Data supplied:

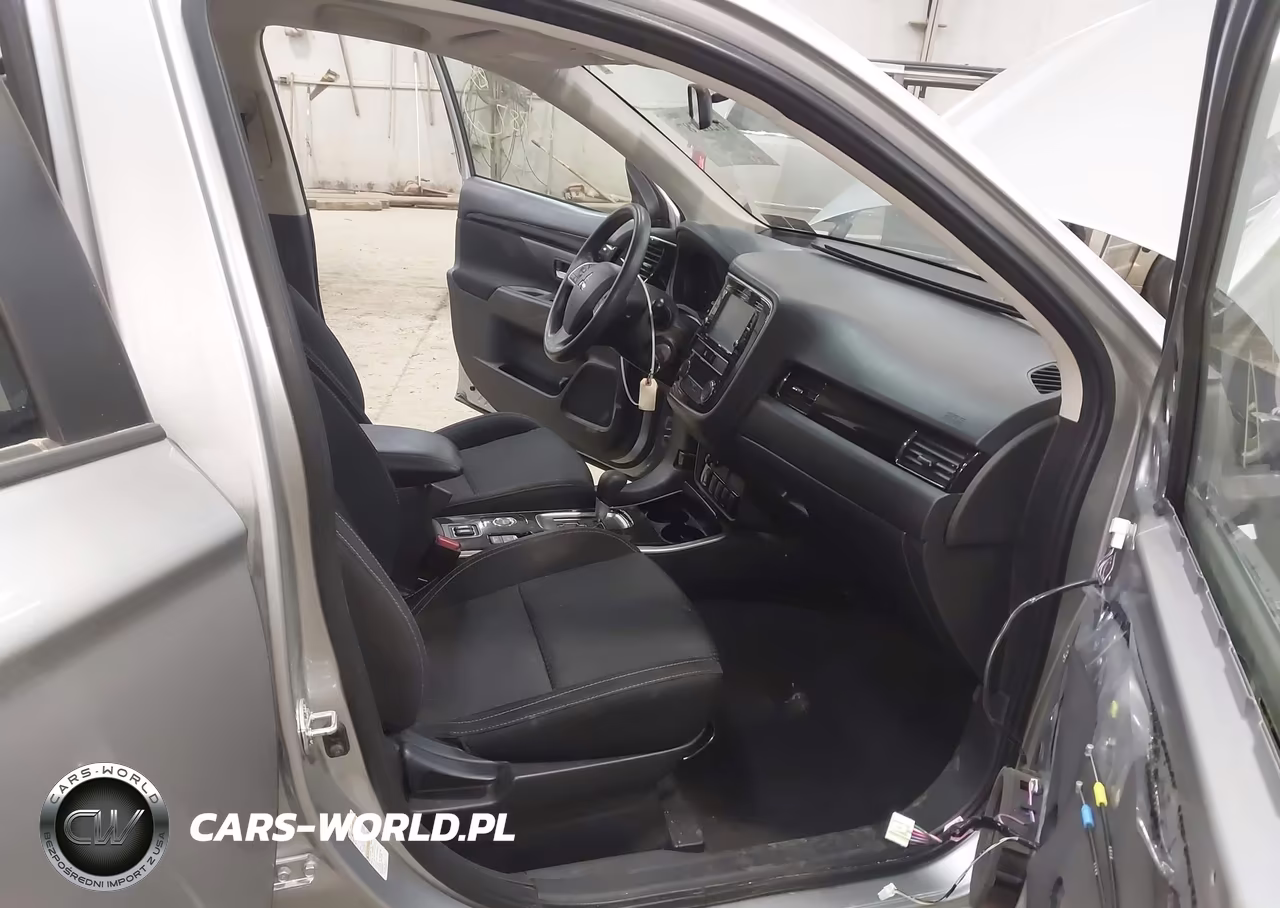 2019 Mitsubishi Outlander Es VIN:JA4AZ3A38KZ014077 - 5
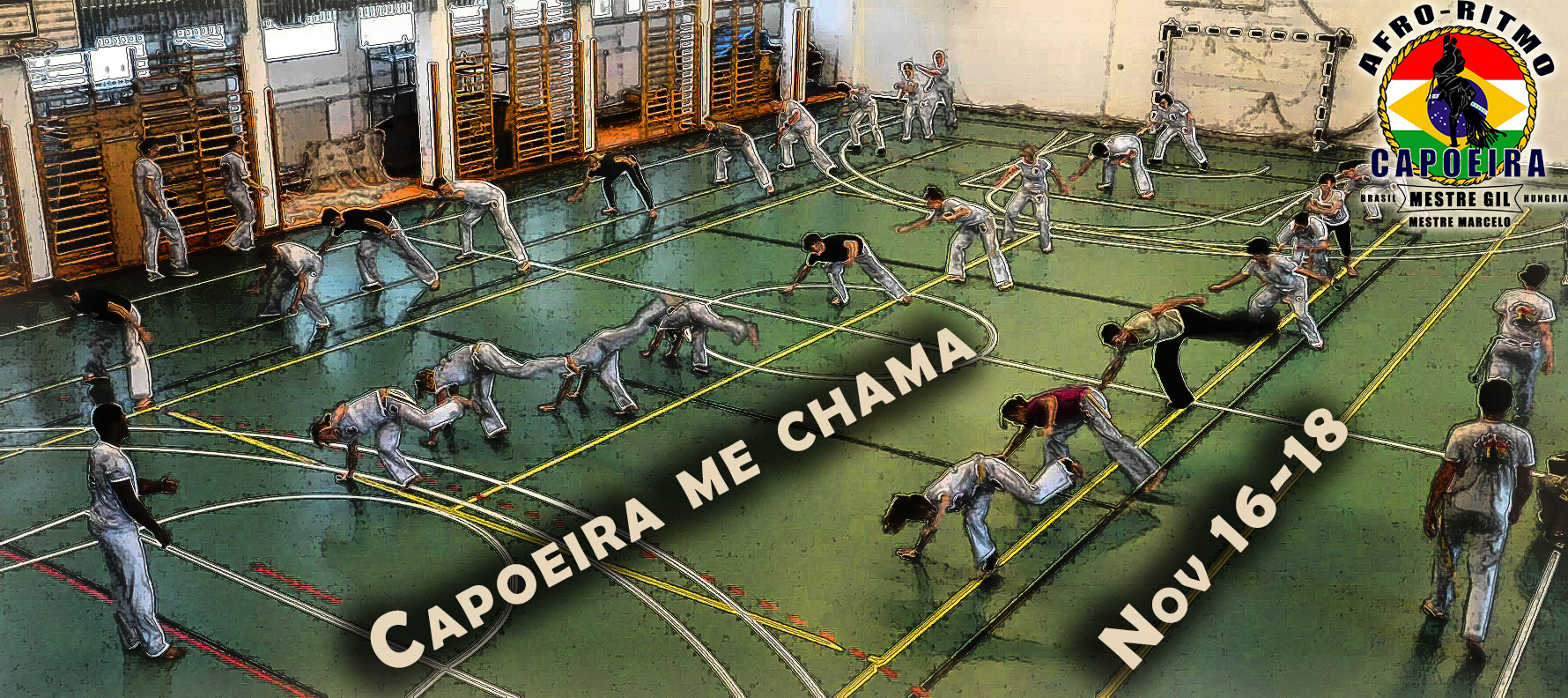 Capoeira edzés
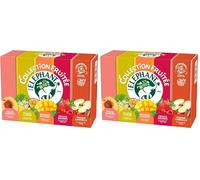 Elephant, Infusion Collection Fruitée Découverte, Assortiment de 5 Infusions, Ingrédients d'Origine 100% Naturelle, 50 Sachets Pyramid (Lot de 2)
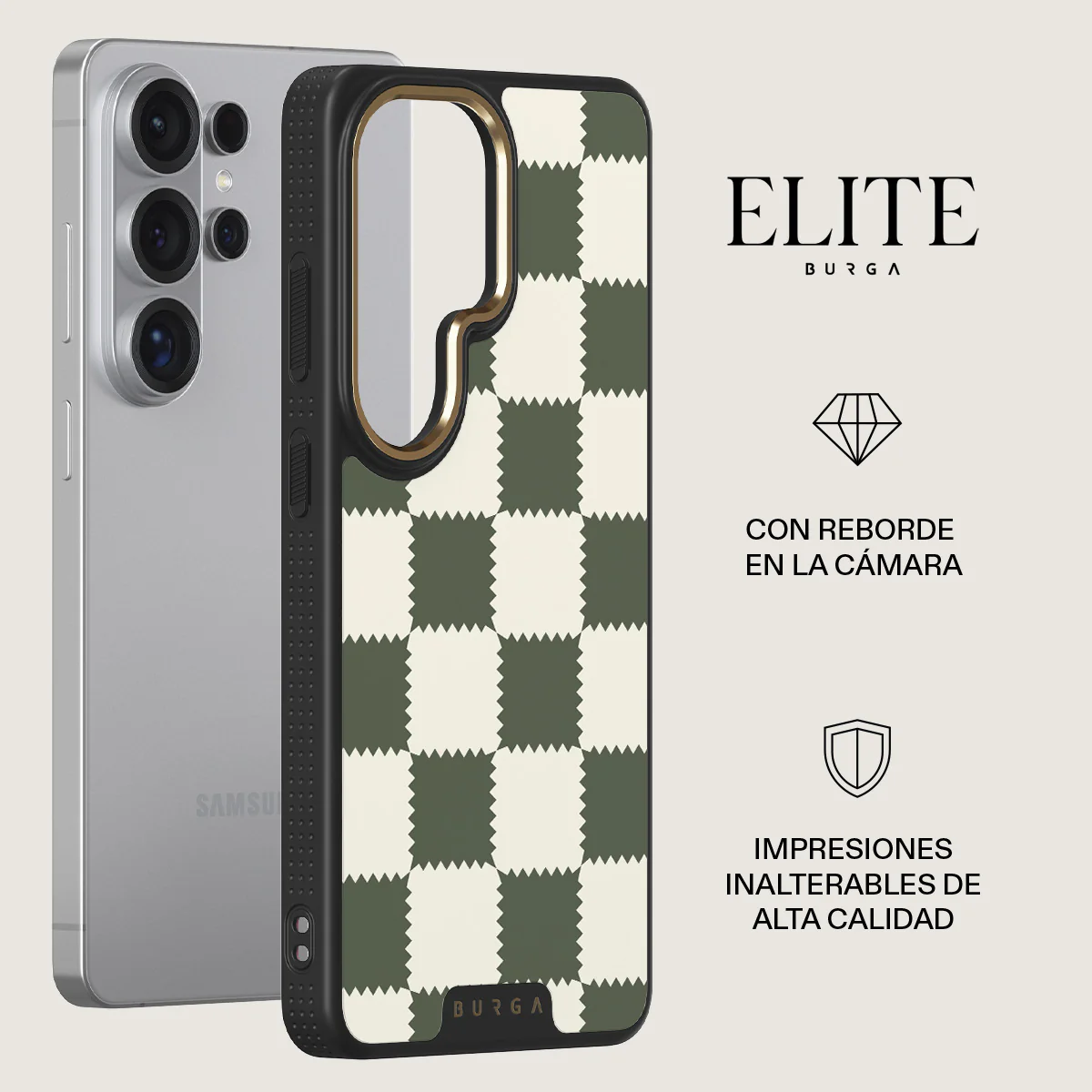 Retro Grid - Samsung Galaxy S26 Ultra Funda - Image 6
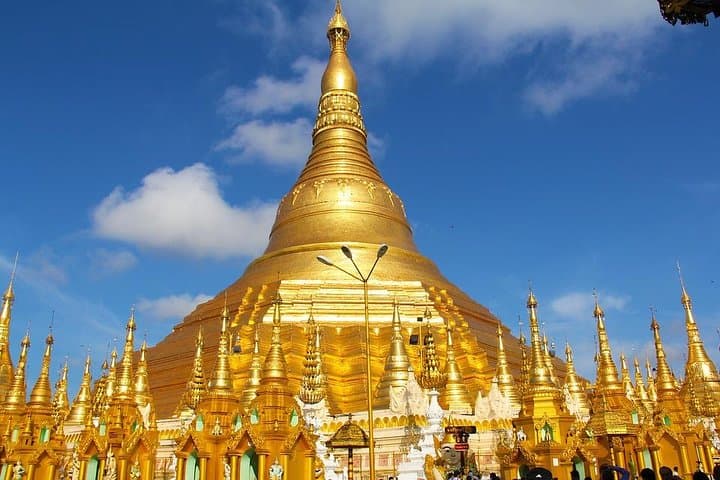 Yangon Half-Day City Tour: Sunset at Shwedagon Pagoda photo 6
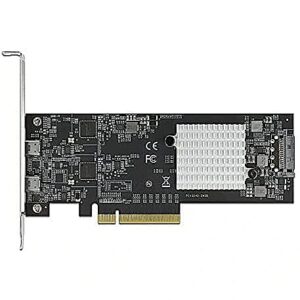 Delock PCIe x8> 2xext. USB 20 Gbps USB-C - 89009 4043619890095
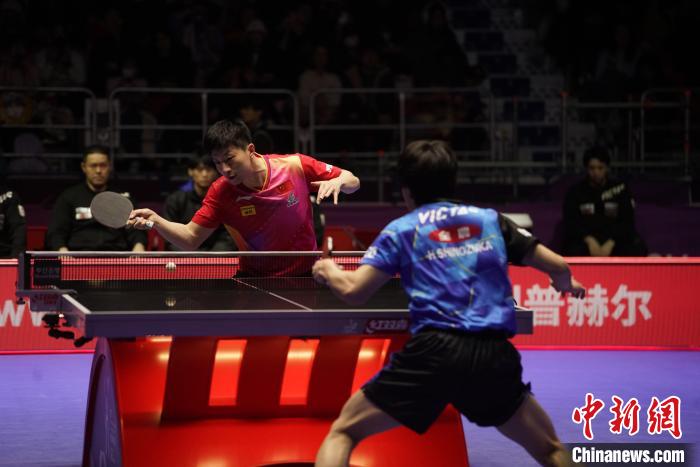 釜山世乒赛国乒双线晋级四强：女队与男队均以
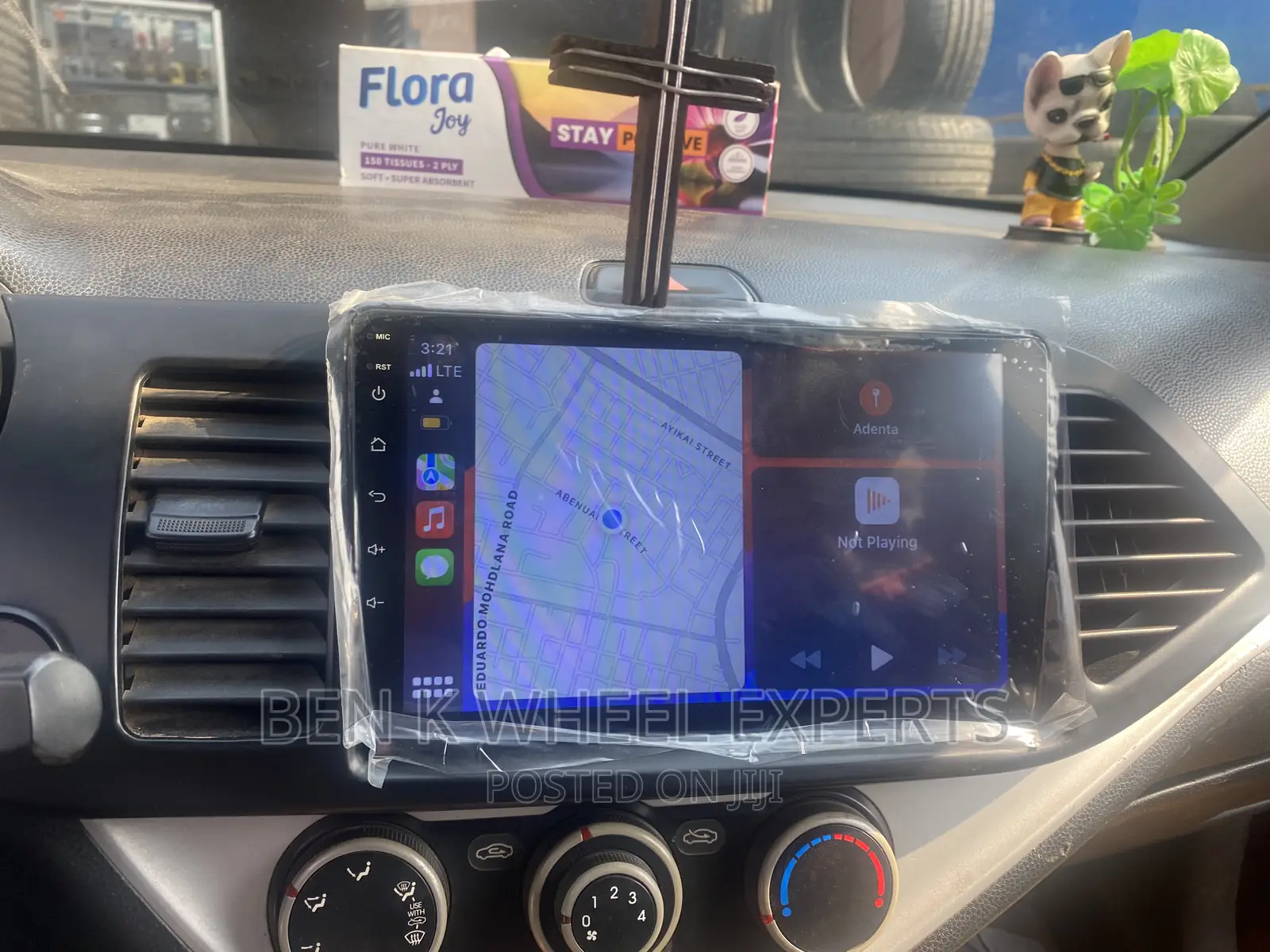Kia Morning 2011-16 Carplay Android Screen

Exercise description: The line with "Elephant, Infusion Collection" and each line after it, through the final line of the data, are to be duplicated exactly, with pictures left out and nothing more included.

Solution to this problem:
 Elephant, Infusion Collection Fruitée Découverte, Assortiment de 5 Infusions, Ingrédients d'Origine 100% Naturelle, 50 Sachets Pyramid (Lot de 2)
 Retro Grid - Samsung Galaxy S26 Ultra Funda - Image 6
 Yangon Half-Day City Tour: Sunset at Shwedagon Pagoda photo 6
 Delock PCIe x8> 2xext. USB 20 Gbps USB-C - 89009 4043619890095
 釜山世乒赛国乒双线晋级四强：女队与男队均以
Kia Morning 2011-16 Carplay Android Screen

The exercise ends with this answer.